Fortress in the Eye of Time

(C.J. Cherryh) The enduring trope of rags-to-riches and how even a slow-paced story can keep us hoping for the underdog’s success.

The Fox Woman

(Kij Johnson) How to write a sex scene. And how to write a literary fantasy novel. This book just knocked me out.

The Iron Dragon’s Daughter

(Michael Swanwick) How to make world-building wonderful, startling and true. One of my favorite books in the world.

The Horsemistress Saga

(Toby Bishop) How to write a marvelous YA novel with a cross-over adult market.

Thomas the Rhymer

(Ellen Kushner) How to bring the weird into fantasy. Doing the traditional with a unique brush stroke.

The Blade Itself

(Joe Abercrombie) How a bad plot doesn’t matter if you have a characters like he does. How an uninteresting protagonist doesn’t matter if you have Other characters who are beyond wonderful. Like the amazing Glokta.

Science Fiction

Brasyl

(Ian McDonald) Very dense and intellectual, yet this book sizzles because of, in part, his absolutely brilliant dialogue.

Pushing Ice

(Alastair Reynolds) How it’s possible to pull off in a wildly successful manner, a hard science story with deep characterization.

Mainstream

Shogun

(James Clavell) The glorious depths of multi-viewpoint storytelling and why it can be just fine to switch POV within a scene.

The Far Pavilions

(M.M. Kaye) How to write an emotional, epic tale. (Major influence for The Entire and the Rose.)

I’ll stop at thirteen. If you like, I can try this again in a future post. I don’t know about you, but I’m Always looking for “favorite novels.” I don’t have time for weak ones!

4 Responses

  1. Charlie Dawn says:

    Great list. I write and am a public library director, so am always perusing the shelves and reviews.

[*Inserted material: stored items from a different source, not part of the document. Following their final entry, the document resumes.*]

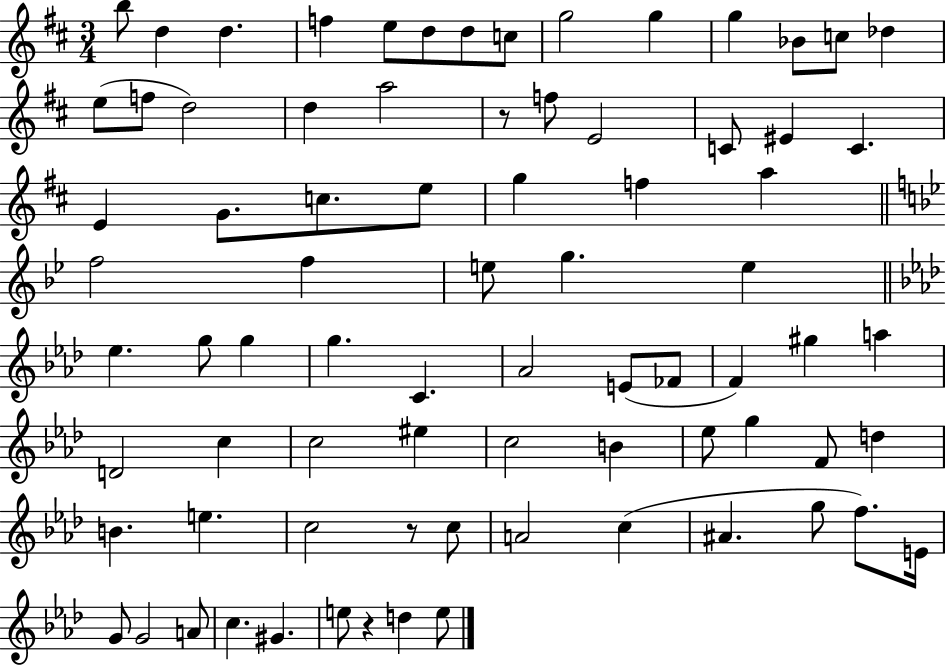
X:1
T:Untitled
M:3/4
L:1/4
K:D
b/2 d d f e/2 d/2 d/2 c/2 g2 g g _B/2 c/2 _d e/2 f/2 d2 d a2 z/2 f/2 E2 C/2 ^E C E G/2 c/2 e/2 g f a f2 f e/2 g e _e g/2 g g C _A2 E/2 _F/2 F ^g a D2 c c2 ^e c2 B _e/2 g F/2 d B e c2 z/2 c/2 A2 c ^A g/2 f/2 E/4 G/2 G2 A/2 c ^G e/2 z d e/2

Favorite books are a hard topic, but your list made sense. I often tell my writers groups (2 for myself and teenage groups I lead) that I have favorite scenes, endings, characters or dialogue–sometimes it’s the luscious language.

  2. Kay says:

    Sometimes it’s really hard to say what moves us about a book. I always try to analyze it, but sometimes it’s the gestalt. I will say, though, that for me, language can only add to a book’s appeal, it’s never the main thing. But usually if a writer has those luscious style riffs, she also is delivering insight, or character or fascinating plot.

  3. Zeke says:

    I’ve read through a quarter of “Bright of the Sky” and my initial review (posted at Goodreads) wondered whether Shogun was an influence. This post may have answered my question. There are many parallels between the books, at least at my current reading.

    I like the book so far (the first of yours I’ve read, thanks to the free Kindle version) Though the similarities are interesting, they don’t detract from your novel.

  4. Kay says:

    Yes, I love Shogun. I especially was influenced by the sweep of the novel and the many points of view. I note that some readers have complained that I switch POV rather liberally in my quartet. Clavell did that in Shogun; but it appears that American readers are often thrown by the practice. Anyway, now that you mention it, there are quite a few more similarities, but while I was writing I didn’t consciously mirror Clavell’s plot or characters.